Given data |

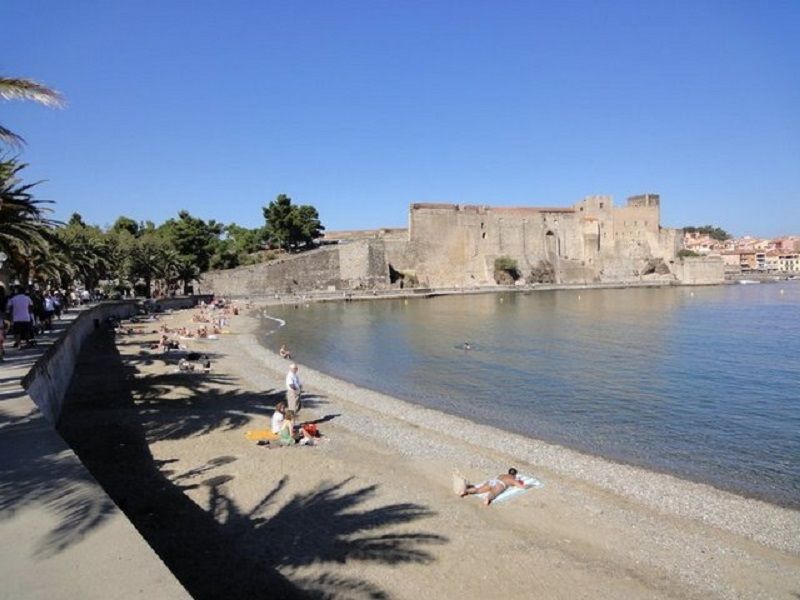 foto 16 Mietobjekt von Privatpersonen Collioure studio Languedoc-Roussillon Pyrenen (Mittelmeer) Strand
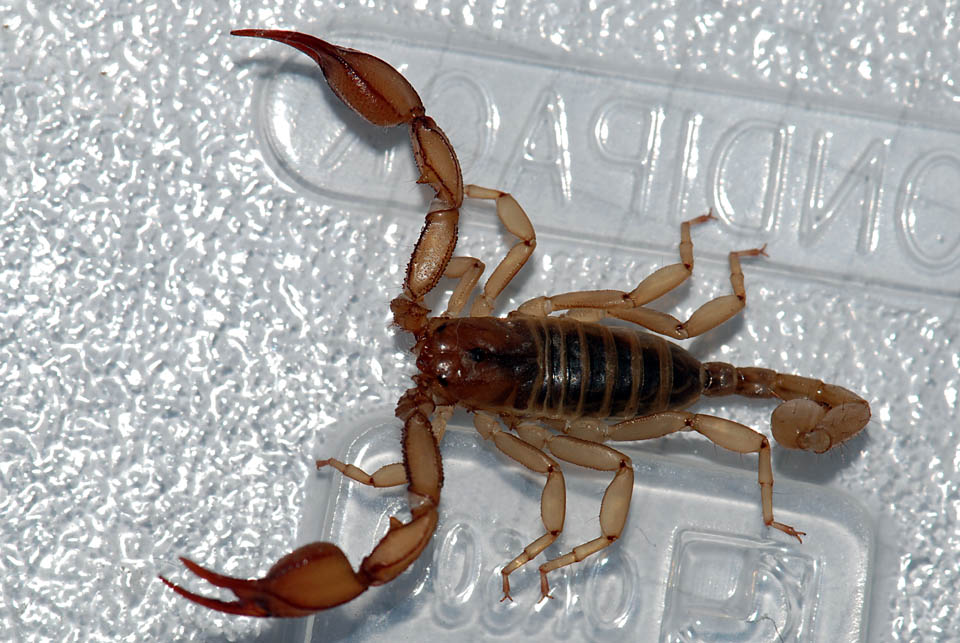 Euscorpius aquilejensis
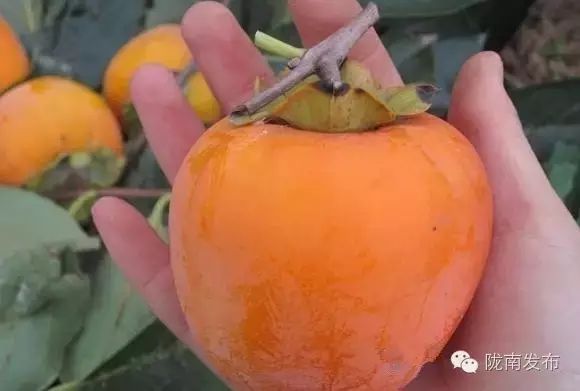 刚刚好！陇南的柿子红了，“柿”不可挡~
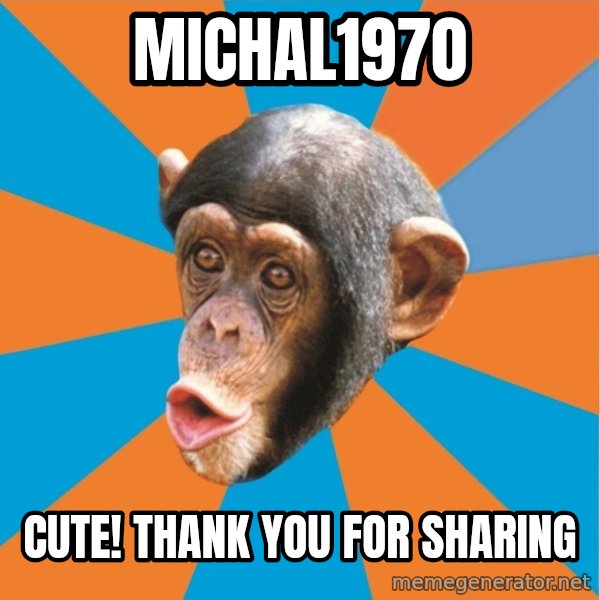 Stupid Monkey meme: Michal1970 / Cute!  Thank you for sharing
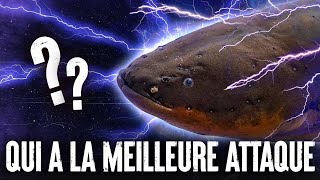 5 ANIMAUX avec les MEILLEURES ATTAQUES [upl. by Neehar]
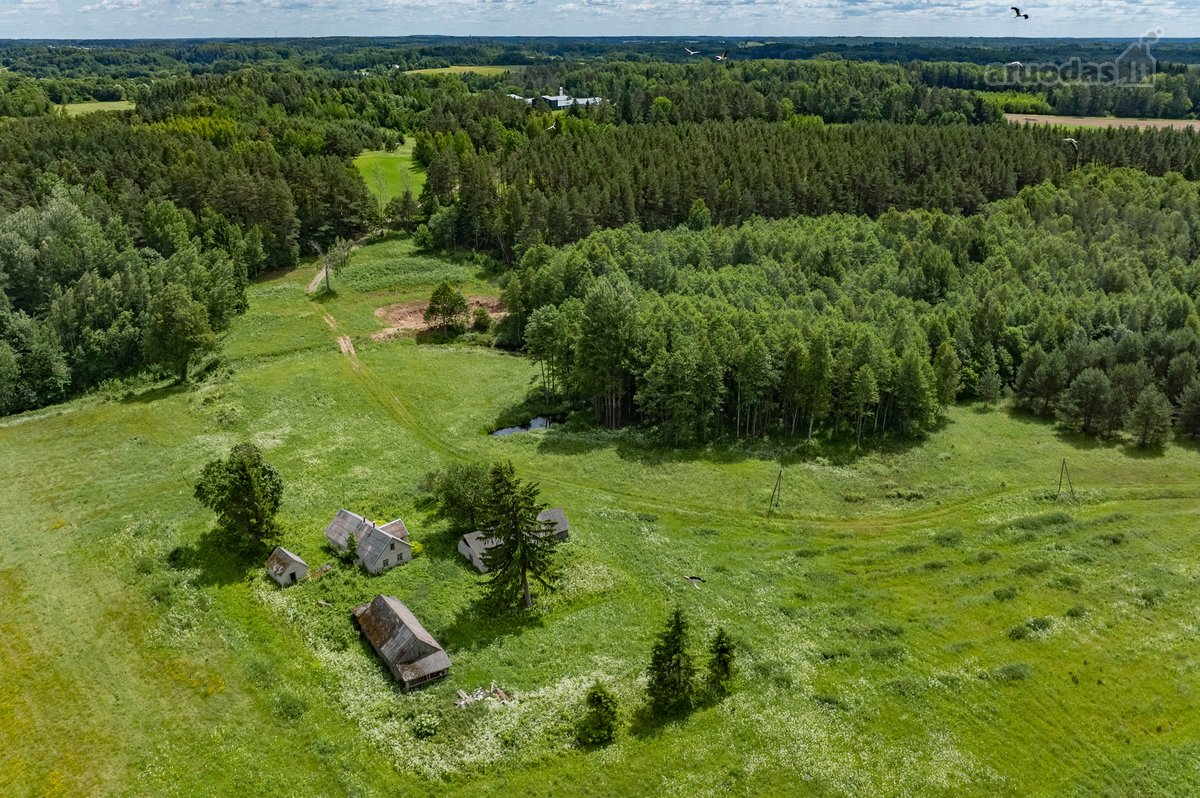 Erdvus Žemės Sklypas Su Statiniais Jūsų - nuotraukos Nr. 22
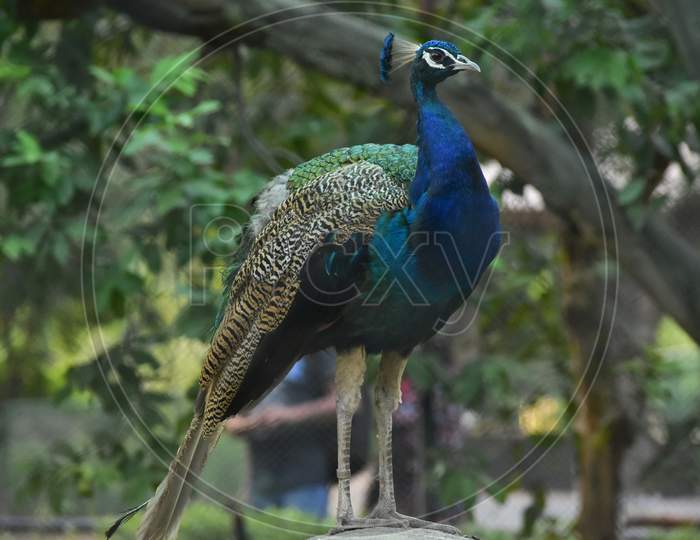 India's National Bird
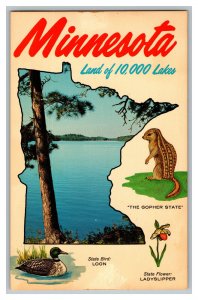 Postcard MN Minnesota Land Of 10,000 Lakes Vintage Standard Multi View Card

Brief | Working from the listing above, retype it exactly but include no images.

Solution to this task |
 foto 16 Mietobjekt von Privatpersonen Collioure studio Languedoc-Roussillon Pyrenen (Mittelmeer) Strand
 Euscorpius aquilejensis
 刚刚好！陇南的柿子红了，“柿”不可挡~
 Stupid Monkey meme: Michal1970 / Cute!  Thank you for sharing
 5 ANIMAUX avec les MEILLEURES ATTAQUES [upl. by Neehar]
 Erdvus Žemės Sklypas Su Statiniais Jūsų - nuotraukos Nr. 22
 India's National Bird
 Postcard MN Minnesota Land Of 10,000 Lakes Vintage Standard Multi View Card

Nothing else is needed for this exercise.